EXERCISE DIRECTIONS -> Copy exactly, no pictures: every line from the one that contains "New 2026 Jeep Gladiator Sport image 6" through the end of the entries below.

INPUT DATA ->
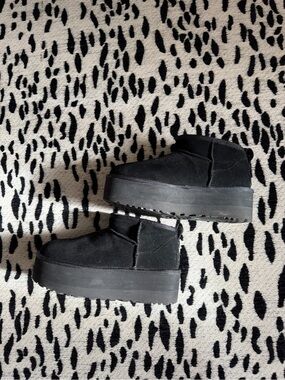 Women's Black Platform Mini Ugg Boots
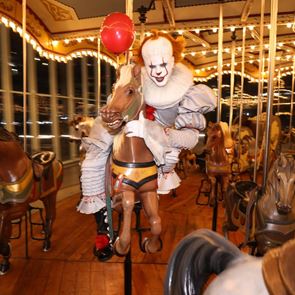 Страхът оживява по целия свят с премиерата на "То: Добре дошли в Дери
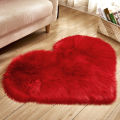 Yfashion 40X50CM Love Heart Shaped Rug Artificial Wool  Hairy Carpet Faux Floor Mat Fluffy Soft Area Rug apetes. 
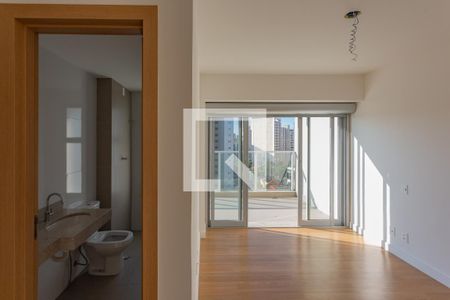 Apartamento à venda com 108m², 2 quartos e 3 vagasQuarto 2 - Suíte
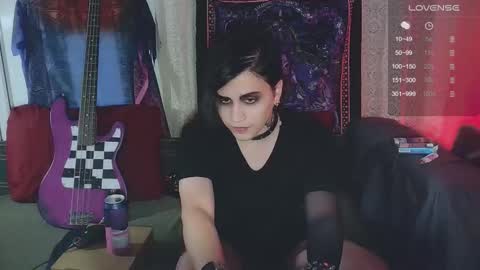 In bio online show from 11-27-25, 02:13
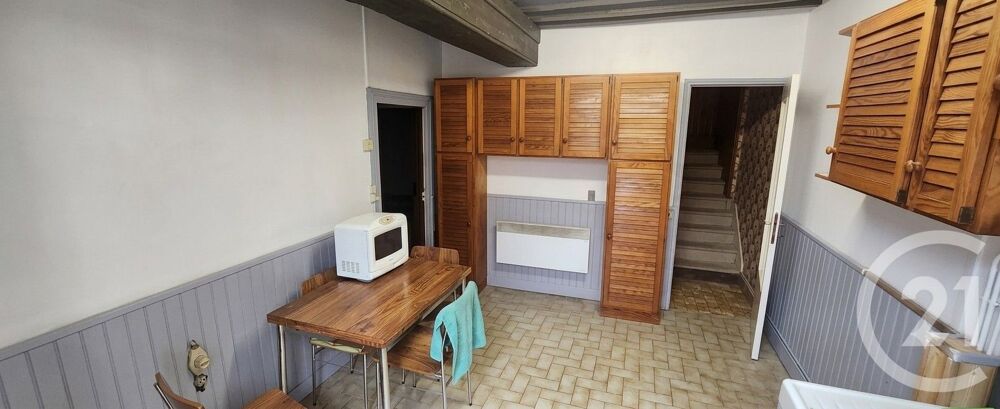 Nichée à seulement 10km de Corbigny, cette charmante mai....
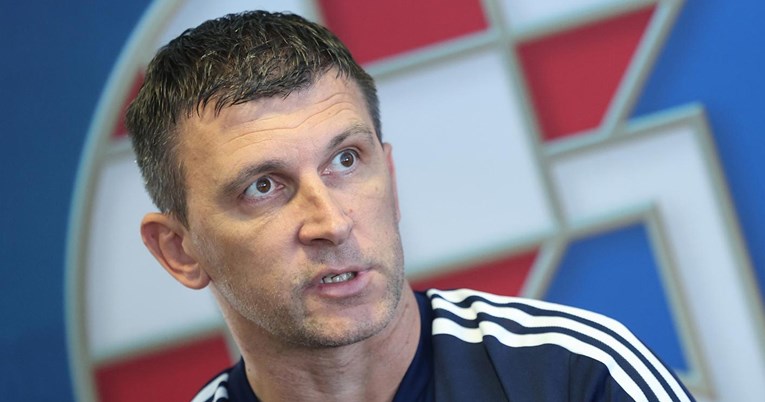 Jakirović objasnio zašto je u 30. minuti zamijenio Mihajličenka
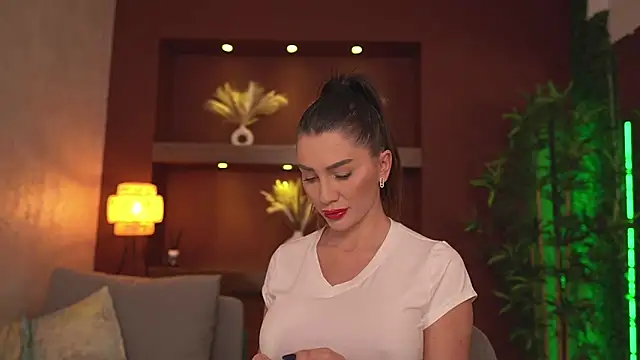 JustinneJade online show from 03-22-25, 06:11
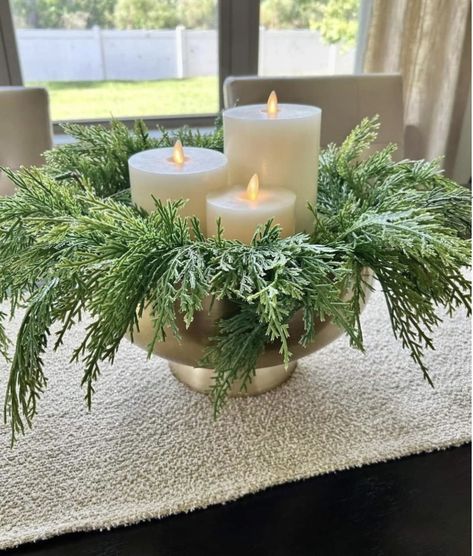 Landscaping Florida, Christmas Centerpieces Diy, Christmas Decor Inspiration, Christmas Arrangements, Wardrobe Design, Noel Christmas, Christmas Floral, Christmas Centerpieces, Christmas Table Decorations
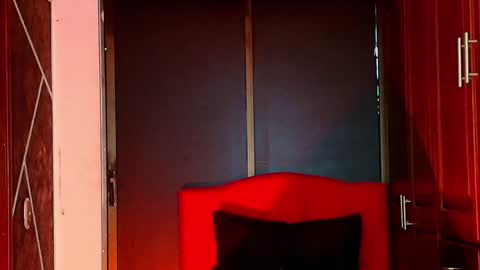 Snapshot of sexynaf chatting on 02-05-25, 10:22 N A F online show from 02-05-25, 10:22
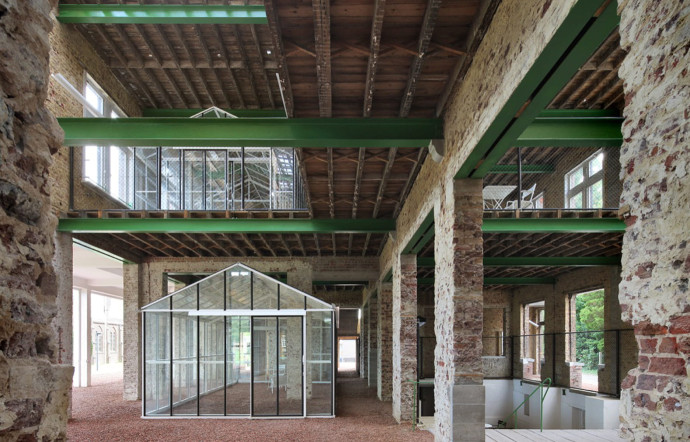 Le projet de réhabilitation de l’hôpital psychiatrique de Melle, près de Gand, PC Caritas, a été récompensé par un Lion d’Argent à la Biennale d’Architecture de Venise 2018 et est l’oeuvre de l’agence de Vylder Vinck Taillieu.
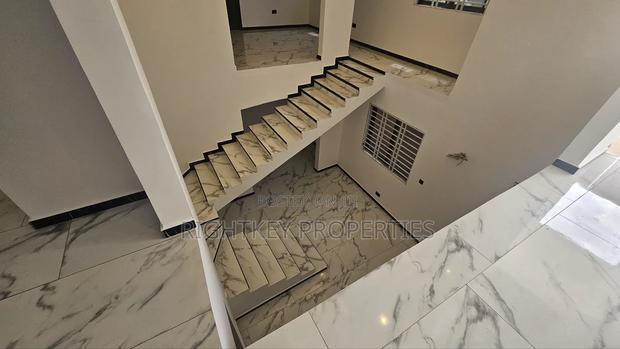 5bdrm Duplex in Rightkey, Kumasi Metropolitan for sale · Photo 4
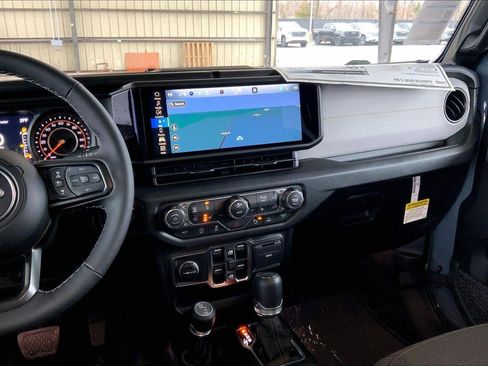 New 2026 Jeep Gladiator Sport image 6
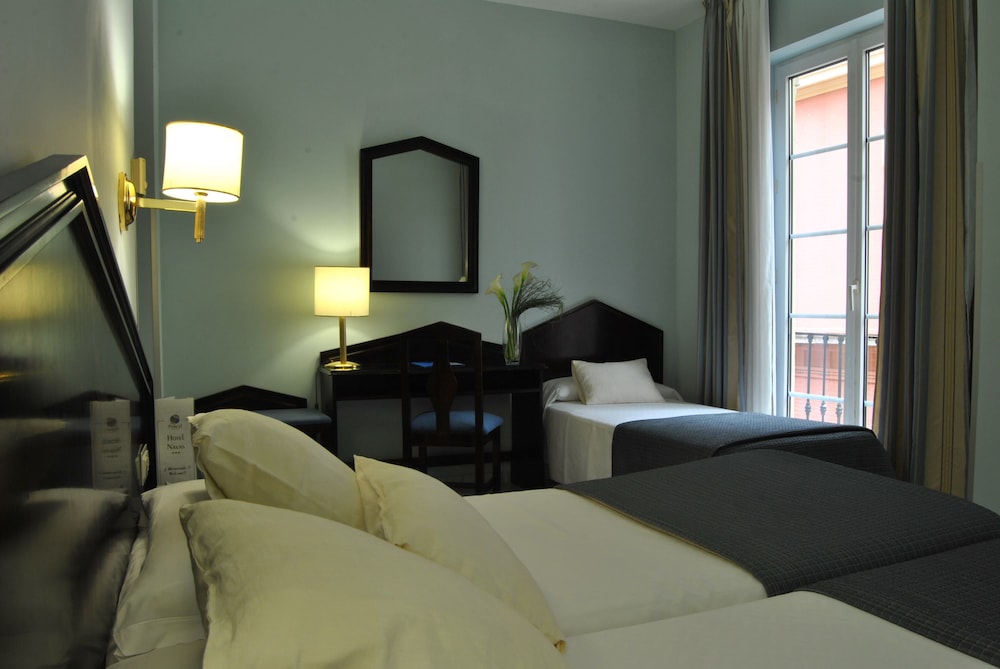 Triple Room, 3 Twin Beds - Photo 4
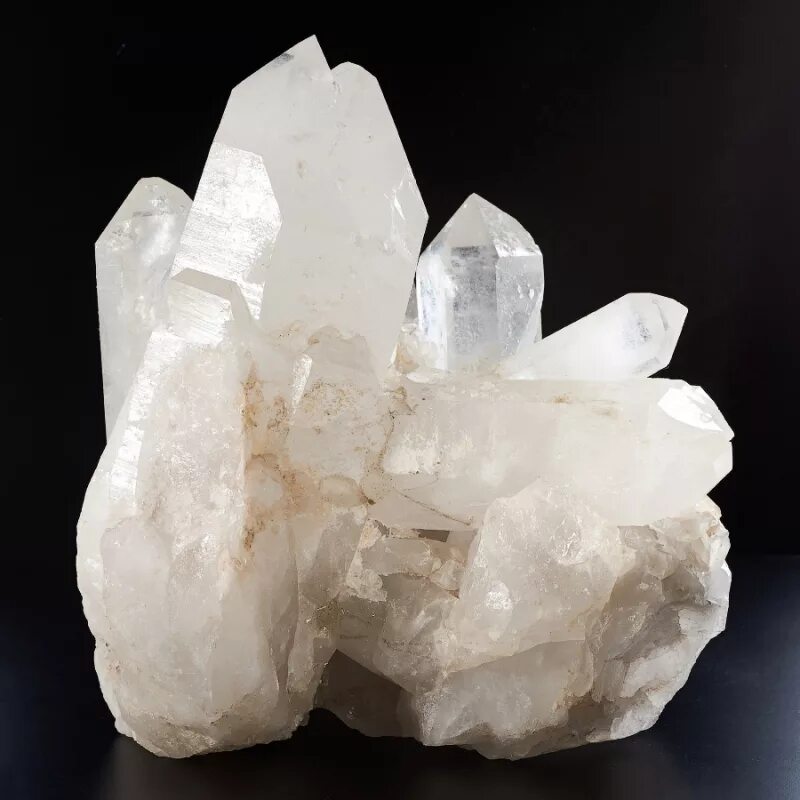 Quartz crystal. Кварц (горный хрусталь). Горный кварц камень. Горный хрусталь минерал Урал. Друзы горного хрусталя.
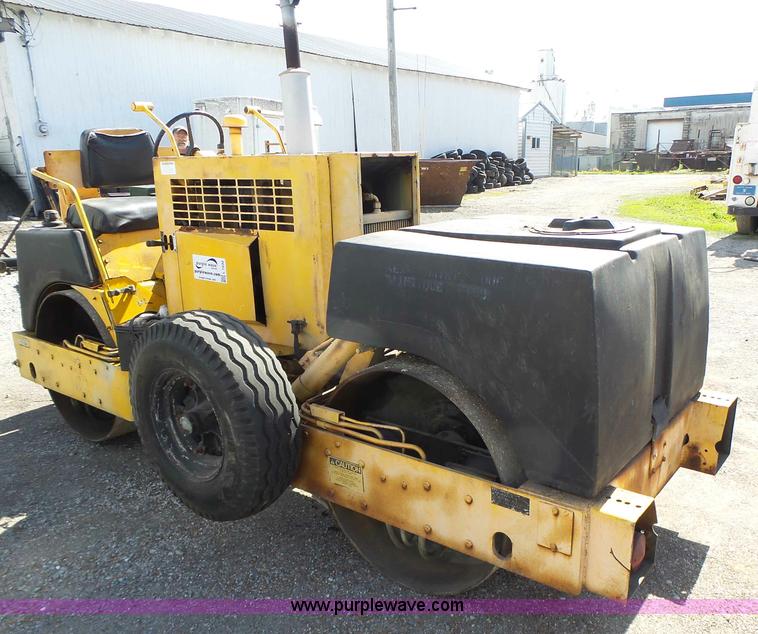 image for item L7232 Galion DU510086 vibratory double drum roller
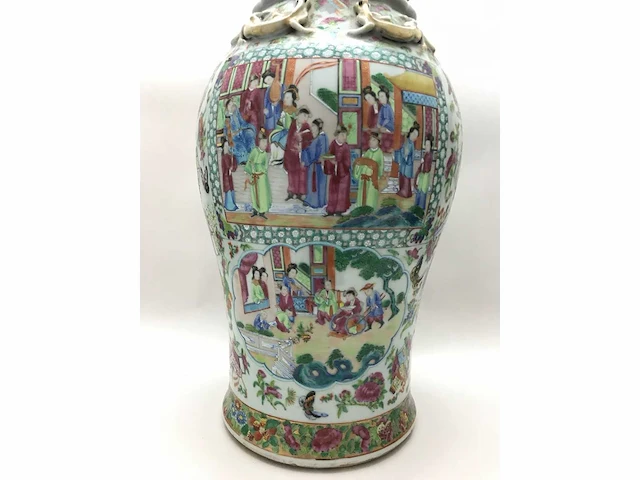High quality decorated canton porcelain set. palace scenery. famille rose. 19th century. - afbeelding 4 van  77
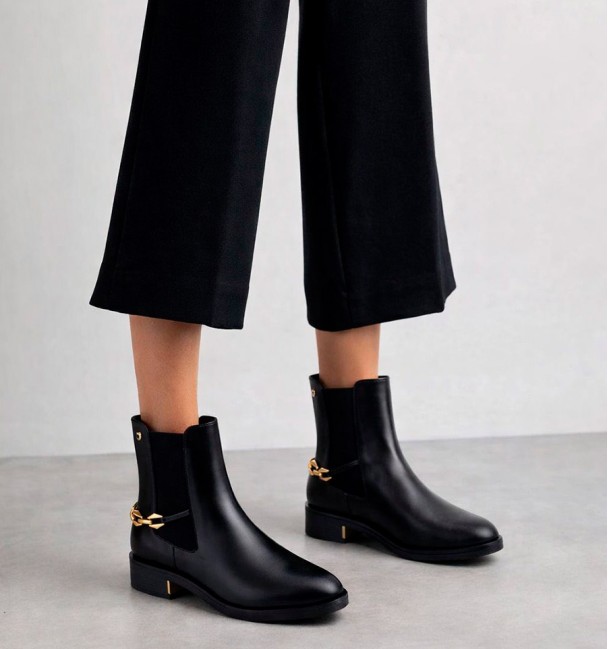Botas Chelsea em pele com corrente...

OUTPUT ->
 New 2026 Jeep Gladiator Sport image 6
 Triple Room, 3 Twin Beds - Photo 4
 Quartz crystal. Кварц (горный хрусталь). Горный кварц камень. Горный хрусталь минерал Урал. Друзы горного хрусталя.
 image for item L7232 Galion DU510086 vibratory double drum roller
High quality decorated canton porcelain set. palace scenery. famille rose. 19th century. - afbeelding 4 van  77
Botas Chelsea em pele com corrente...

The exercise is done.